あまりにも無謀な推測は、最悪な形で証明された。

少女を追うように再び人影が降ってきたのだ。

地を揺るがす土埃つちぼこりをたてて、いかれる赤鬼が三人、門を塞ぐように居並んだ。


東雲しののめは白目をむいた。加速度的に状況が悪化していく。

もはや月が怖いなどと、泣きごとを言っている場合ではなかった。


ついに仕掛けを突破したのか、砦の中からも足音が聞こえてくる。

道は前にしかないのだ。


降りそそぐ月光を直接見ないよう目を伏せながら、東雲しののめは鬼との距離をはかった。

青鬼の少女は、打ちどころが悪かったのかいまだ立ち上がれないでいる。

――助ける義理はない。

しかし彼女の落とした麻袋が、東雲しののめを怪異から救ったのは事実だった。


(くそったれ!)


意を決して東雲しののめは飛び出した。

腰にくくりつけた小さな袋を握りしめ、その中身を勢いよく前方へぶちまける。


ぶわり、とあたり一帯が白くけぶった。


驚いた赤鬼たちはハッと息を呑み、空中に漂うこまかな粒子を肺まで吸い込んだ。

途端、刺すような刺激が目と咽喉のどを襲う。

粉の正体は、倉庫から失敬しっけいした盗品の香辛料であった。


赤鬼たちが咳とくしゃみにあえいでいる間に、東雲しののめは少女を担ぎ駆け出した。


これは言及しなくてもよいことであるが……。少女は華奢きゃしゃな見た目に反して重かった。

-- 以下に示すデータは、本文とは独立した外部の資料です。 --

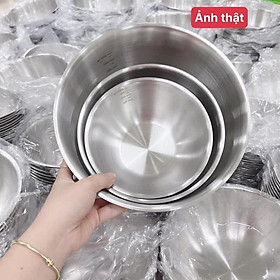 Mua SET 3 BÁT INOX TO SIÊU BỀN ĐẸP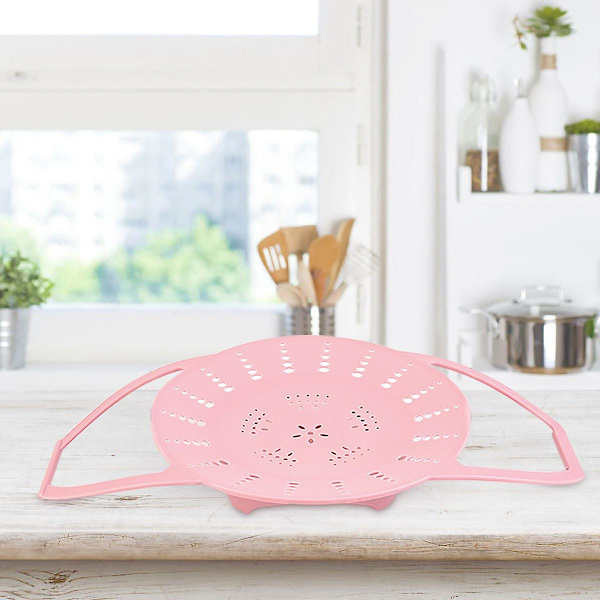 Silikon Ångkokare Rosa Kylförvaringslådor Diskbänksvampshållare Matlagningsbehållare Utensi A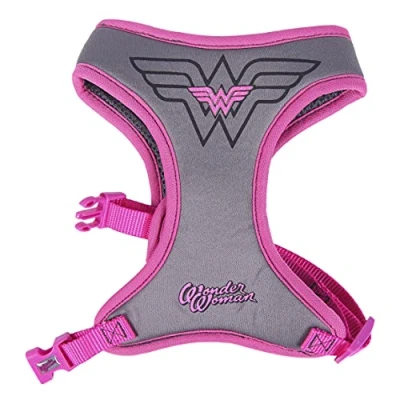 Image of CERDÁ LIFE&#039;S LITTLE MOMENTS For Fan Pets Wonder Woman M L Dog Harness Officially Licensed DC Comics
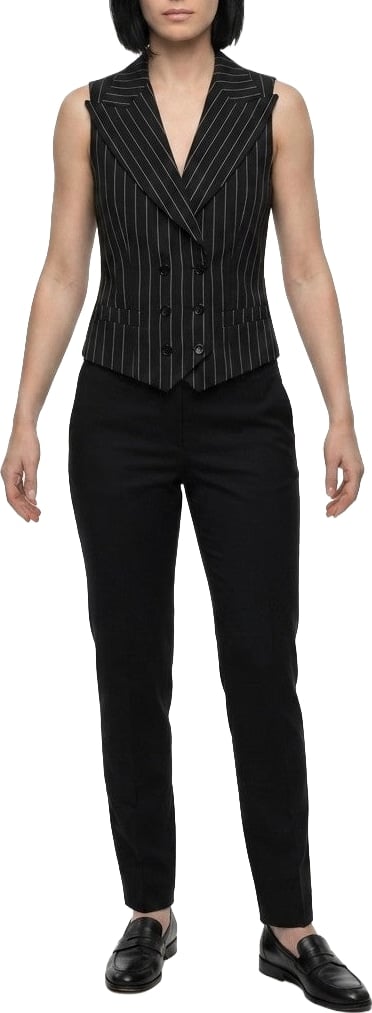 Dolce & Gabbana Black Wool Waistcoat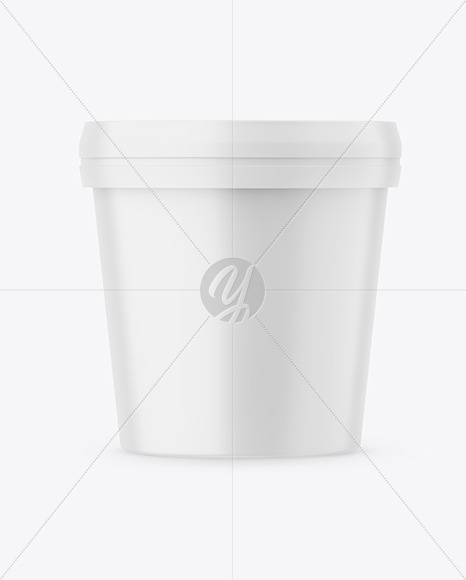 Matte Ice Cream Cup Mockup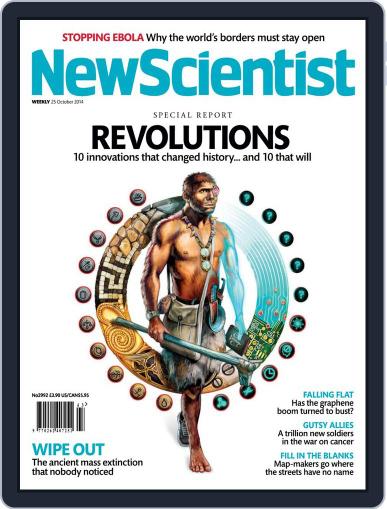 New Scientist International Edition October 24th, 2014 Digital Back Issue Cover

慣れないことはするものではない、東雲しののめはすでに彼女を放り捨てたい衝動にかられた。


「だ、誰っ!?」


「やかましい、死にたくなかったら耳もとでわめくな!」


少女も粉を少し吸い込んだのか、咳きこみながら抵抗するように手足をばたつかせた。

東雲しののめのイラだちが増す。

ネズミに感化されたのか知らないが、ガラにもなく恩を返そうなどと軽率な行動に出たことを悔いた。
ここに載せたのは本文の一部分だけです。